The charter school movement, which now enrolls more than a million students in almost five thousand schools nation-wide, grew out of critiques mounted both from the left and from the right of the traditional public schools in which America's children have been educated for several centuries now. From the left came a demand for community control of what were until then centrally run city school systems, as well as a call from Albert Shanker, the progressive head of the New York City teachers' union, for small-scale experimentation.
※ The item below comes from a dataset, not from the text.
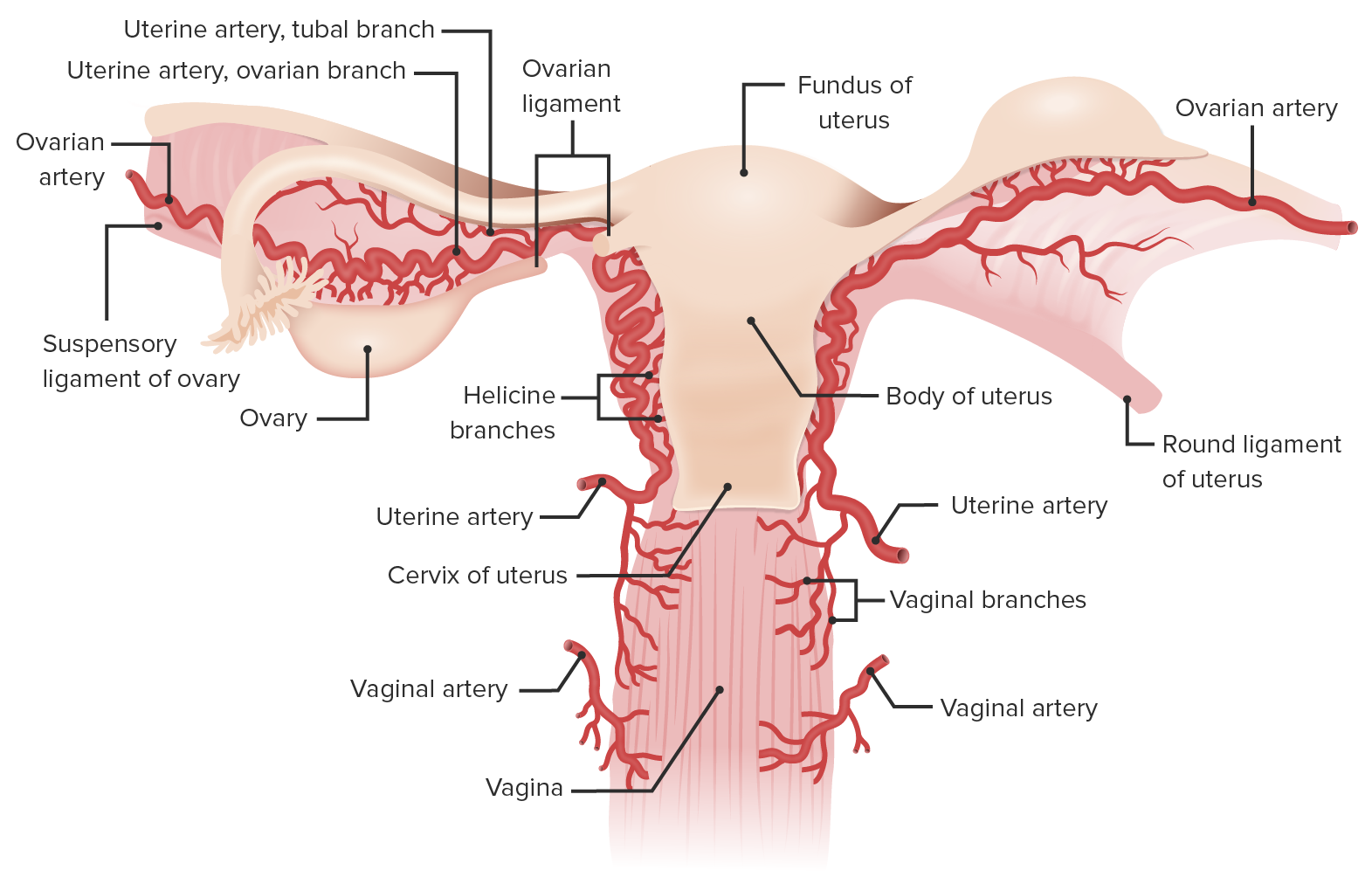 Ovarian and fallopian tube torsion - UpToDate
From the right came calls for privatization, the introduction of market mechanisms via a voucher system, and the breaking of the teachers' unions, as well as for an assortment of religiously based revisions to the curriculum [such as the excision of any mention of evolution, the blanchissement of American history, the enshrining of the Christian God in a position of prominence, and so forth.]
A variety of reforms or experiments have been proposed and tried, among them making classes smaller, making schools smaller, lengthening the school day, and lengthening the school year. The principal impetus for all this churning about is the comparative standing of American school children in international measures of competency in math, science, and language arts. One response to all of this by the federal government has been to mandate testing of school children repeatedly, roughly on the theory that if a patient has a fever, the best medicine is to take the temperature repeatedly. The subject of testing is too large to be discussed here, and is obviously worth a full-scale post of its own.
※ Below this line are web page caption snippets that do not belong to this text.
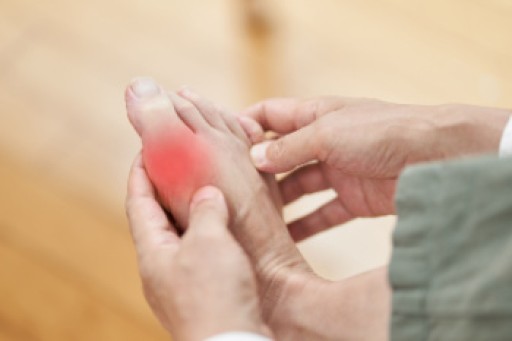 Everything You Need to Know About Gout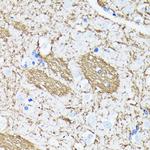 Amyloid Precursor Protein Antibody in Immunohistochemistry (Paraffin) (IHC (P))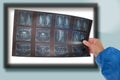 A doctor holding and analyzes spine radiography X-ray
A large amount of foundation money has been poured into the charter school experiment, including some very large donations by the Bill and Melinda Gates Foundation and several others. I think it is fair to say that driving the movement is a deep-seated hostility to traditional schools and teachers, coupled with the conviction that smart, innovative businessmen and women ought to be able to run schools better than moss-backed career educationists comfortably nestled in tenured sinecures. [Am I too blatantly revealing my sympathies here?]
Charter Schools are privately run schools, "chartered" by the state and supported by funds that would otherwise be spent on educating the same children in public schools. The charter schools are liberated from the supposed tyranny of the teachers' unions, and are free to adopt innovative curricula and teaching methods and any other ideas that the traditional schools are thought to be too hidebound and encrusted with bureaucratic barnacles to try.
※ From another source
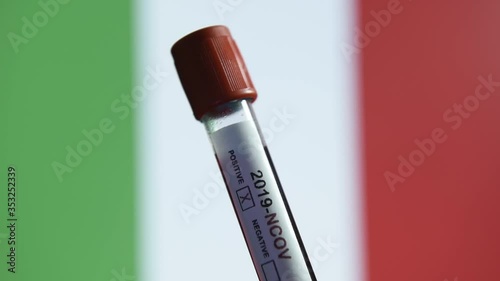 Corona virus or Covid-19 in Italy , sample blood tube with Italy flag on background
The charter schools have certain obvious advantages, the most important of which is that they are not required by law to accept every child in a neighborhood. Nor are charter school entrepreneurs required to maintain schools in every neighborhood in a city. In addition, the children enrolled in charter schools are there because their parents chose to put them there, and that implies a level of concern for education that would, one might suppose, constitute a sort of positive self-selection process resulting in better outcomes for the children.
One of the readings set by Casey Megan and Lisa Spees, the two students responsible for the presentation, was a report by the Center for Research on Education Outcomes [CREDO] located at Stanford University of a 2009 study called "Multiple Choice: Charter School Performance in 16 States." The structure of the study strikes me as really quite brilliant, and I want to take a little time to explain it as well as I can.
There are two points that we must begin with. First, what really matters is what is called the "value added" effect of charter schools, which is to say how much improvement in student learning they accomplish, as measured by standard state-wide tests, compared to what students would have learned in the traditional public schools, had they stayed there rather than transferring to the charter schools. Now, this is asking a counterfactual question: What would the students have learned if, contrary to fact, they had stayed in the traditional schools. Since it is impossible to rewind history so as to run the students through both kinds of schools, the challenge is to come up with some way of answering the question.
What the CREDO study did was to create a huge number of "virtual twins," by pairing each charter school student whose performance was being monitored with a traditional public school student who matched the charter school student in a number of ways thought to be significant. The match factors included grade-level, gender, race/ethnicity, free or reduced price lunch status [an indicator of family income level], English language learner status, special education status, and prior test score on state achievement tests.
Each pair of students thus consisted of a charter school student and a public school student who with respect to all of these factors were identical. The report says that 1.7 million records were analyzed, but I do not think that means 1.7 million students [although it may have.] The study then took a look at the performance of these pairs on the next year's state achievement tests [can you imagine the computer program required to do this?] Some standard statistical number crunching then ascertained both what the average differences were, state by state, between the charter school students and their paired traditional public school matches, and what statistical significance, if any, the data exhibited. I may just be new to this sort of experimental investigation, but I think this is an extraordinarily imaginative way to try to get at the effect of charter schools on the education of their pupils.
I confess that as I began to read this report, I assumed it would reveal important relative gains by the charter school students. How could it be otherwise? The effect of the self-selection process alone, I thought, was sure to produce some important relative gains, and I was all prepared [given my preliminary bias] to conjure up arguments about equity and the hidden injuries of class [to steal Richard Sennett's fine phrase]. But the results astonished me.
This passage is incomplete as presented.